WHAT IS REQUIRED: From the top of the entries below through the line containing "Florie fekete női sneakers kép", return every line exactly as written, please, and stop there.

MATERIAL FOR THIS TASK:
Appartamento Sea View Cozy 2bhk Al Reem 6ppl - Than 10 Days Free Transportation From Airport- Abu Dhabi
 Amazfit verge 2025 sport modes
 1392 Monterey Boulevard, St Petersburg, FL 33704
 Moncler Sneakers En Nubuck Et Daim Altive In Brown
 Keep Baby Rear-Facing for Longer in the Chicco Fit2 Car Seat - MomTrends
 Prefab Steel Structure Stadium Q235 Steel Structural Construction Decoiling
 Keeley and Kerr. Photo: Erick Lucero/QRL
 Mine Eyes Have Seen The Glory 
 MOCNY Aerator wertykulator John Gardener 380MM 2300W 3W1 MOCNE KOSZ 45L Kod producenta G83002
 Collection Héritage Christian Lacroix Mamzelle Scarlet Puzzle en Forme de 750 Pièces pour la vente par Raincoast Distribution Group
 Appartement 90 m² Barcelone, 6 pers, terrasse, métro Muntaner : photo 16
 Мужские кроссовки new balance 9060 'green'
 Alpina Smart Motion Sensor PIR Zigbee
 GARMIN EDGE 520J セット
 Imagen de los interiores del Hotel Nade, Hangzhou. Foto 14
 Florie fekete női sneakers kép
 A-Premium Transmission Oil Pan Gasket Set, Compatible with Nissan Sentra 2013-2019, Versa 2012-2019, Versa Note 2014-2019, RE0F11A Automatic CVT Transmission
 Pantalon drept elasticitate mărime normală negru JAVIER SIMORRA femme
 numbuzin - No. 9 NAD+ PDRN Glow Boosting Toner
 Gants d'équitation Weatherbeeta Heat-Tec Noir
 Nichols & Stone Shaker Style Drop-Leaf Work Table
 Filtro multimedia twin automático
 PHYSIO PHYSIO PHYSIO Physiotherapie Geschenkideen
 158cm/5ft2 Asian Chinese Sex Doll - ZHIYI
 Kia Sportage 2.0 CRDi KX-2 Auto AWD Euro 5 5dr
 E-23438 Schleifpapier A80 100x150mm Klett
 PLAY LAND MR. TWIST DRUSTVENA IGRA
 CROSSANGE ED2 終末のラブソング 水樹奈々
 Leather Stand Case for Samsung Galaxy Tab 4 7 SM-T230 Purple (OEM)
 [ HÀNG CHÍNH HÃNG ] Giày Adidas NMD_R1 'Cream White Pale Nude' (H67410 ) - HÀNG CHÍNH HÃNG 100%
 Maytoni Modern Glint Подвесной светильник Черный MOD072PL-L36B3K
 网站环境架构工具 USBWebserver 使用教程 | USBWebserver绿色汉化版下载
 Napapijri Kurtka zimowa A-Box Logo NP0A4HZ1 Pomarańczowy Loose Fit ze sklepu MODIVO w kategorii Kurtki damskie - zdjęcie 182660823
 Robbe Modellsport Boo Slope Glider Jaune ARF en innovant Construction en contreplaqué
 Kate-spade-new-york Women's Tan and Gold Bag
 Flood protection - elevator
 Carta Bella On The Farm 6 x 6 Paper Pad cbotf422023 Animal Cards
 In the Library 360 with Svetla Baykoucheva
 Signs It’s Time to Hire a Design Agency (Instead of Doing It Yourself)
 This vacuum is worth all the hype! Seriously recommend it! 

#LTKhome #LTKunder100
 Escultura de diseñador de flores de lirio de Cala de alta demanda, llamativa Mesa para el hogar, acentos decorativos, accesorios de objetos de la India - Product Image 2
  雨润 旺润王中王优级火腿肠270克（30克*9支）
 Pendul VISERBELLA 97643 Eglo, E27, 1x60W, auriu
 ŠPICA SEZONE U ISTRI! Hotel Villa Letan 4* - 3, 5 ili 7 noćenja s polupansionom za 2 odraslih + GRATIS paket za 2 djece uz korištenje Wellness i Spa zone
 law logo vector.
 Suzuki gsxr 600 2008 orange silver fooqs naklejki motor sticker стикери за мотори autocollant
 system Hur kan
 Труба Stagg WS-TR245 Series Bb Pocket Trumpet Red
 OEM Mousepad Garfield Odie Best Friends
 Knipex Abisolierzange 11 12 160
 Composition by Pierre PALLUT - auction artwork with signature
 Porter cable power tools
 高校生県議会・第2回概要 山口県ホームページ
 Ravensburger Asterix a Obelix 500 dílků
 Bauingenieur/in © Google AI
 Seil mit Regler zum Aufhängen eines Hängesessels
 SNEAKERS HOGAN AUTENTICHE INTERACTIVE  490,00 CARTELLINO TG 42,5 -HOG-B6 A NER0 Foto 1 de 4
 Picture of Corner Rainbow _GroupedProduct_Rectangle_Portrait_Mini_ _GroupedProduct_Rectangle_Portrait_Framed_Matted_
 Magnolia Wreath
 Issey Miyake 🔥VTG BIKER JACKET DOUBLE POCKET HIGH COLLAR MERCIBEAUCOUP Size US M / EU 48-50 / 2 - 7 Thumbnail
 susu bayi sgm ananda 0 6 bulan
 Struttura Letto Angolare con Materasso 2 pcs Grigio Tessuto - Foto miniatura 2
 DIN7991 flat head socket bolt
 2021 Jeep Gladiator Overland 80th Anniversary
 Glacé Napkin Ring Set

EXERCISE RESPONSE:
Appartamento Sea View Cozy 2bhk Al Reem 6ppl - Than 10 Days Free Transportation From Airport- Abu Dhabi
 Amazfit verge 2025 sport modes
 1392 Monterey Boulevard, St Petersburg, FL 33704
 Moncler Sneakers En Nubuck Et Daim Altive In Brown
 Keep Baby Rear-Facing for Longer in the Chicco Fit2 Car Seat - MomTrends
 Prefab Steel Structure Stadium Q235 Steel Structural Construction Decoiling
 Keeley and Kerr. Photo: Erick Lucero/QRL
 Mine Eyes Have Seen The Glory 
 MOCNY Aerator wertykulator John Gardener 380MM 2300W 3W1 MOCNE KOSZ 45L Kod producenta G83002
 Collection Héritage Christian Lacroix Mamzelle Scarlet Puzzle en Forme de 750 Pièces pour la vente par Raincoast Distribution Group
 Appartement 90 m² Barcelone, 6 pers, terrasse, métro Muntaner : photo 16
 Мужские кроссовки new balance 9060 'green'
 Alpina Smart Motion Sensor PIR Zigbee
 GARMIN EDGE 520J セット
 Imagen de los interiores del Hotel Nade, Hangzhou. Foto 14
 Florie fekete női sneakers kép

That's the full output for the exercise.